Posted by Patti Nielsen on June 9, 2014
Tom would have been 62 today and considering retiring, since most of his siblings have this year. He would have been working on getting the yard cleaned up after the huge hail storm that hit Blair. I am grateful for the way he planted so many bushes, trees and flowers. They will come back. He will never leave my heart.
Posted by Loyd Neve on June 9, 2014
The last 4 years have gone by fast and a lot has happened in the world, especially in politics. I often think of you often when thinking about the political mess we are in right now. I had fun yesterday help Patti cleanup after the hail storm. I thought about you as I was doing it knowing how much you loved doing that kind of work! I miss you.
Posted by Patti Nielsen on June 9, 2013
Tom was such a good conversationalist. He could talk about almost any subject. Of course, his favorite topic was politics. At times I wonder what he would have said about the news event of the day, but in general, I know, due to his liberal viewpoints. It is true that the departed stay in your heart, and Tom stays in our hearts and minds.

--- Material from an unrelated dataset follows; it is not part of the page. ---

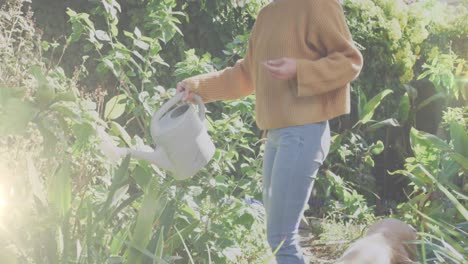 spot of light against caucasian woman watering plants in the garden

Posted by Patti Nielsen on June 27, 2012
Tom was an enthusiastic vacation planner and enjoyed each and every trip. When I've asked Erik and Sonja where they most feel their dad's presence, they talk about the outdoors near where they live. What a gift he gave them! They can carry him with them wherever they are.
Posted by Patti Nielsen on June 9, 2012
Tom would have been 60 today. Like the song "Forever Young," he'll always be 58 to me. Today I want to celebrate the Fun Tom. I loved that childlike, spontaneous part of him. He would throw snowballs at me, tease, laugh, go belly boarding with the kids in the ocean, and sneak up on me and say, "BOO!" Tom, you are missed and loved. Thanks for teaching us the importance of having fun.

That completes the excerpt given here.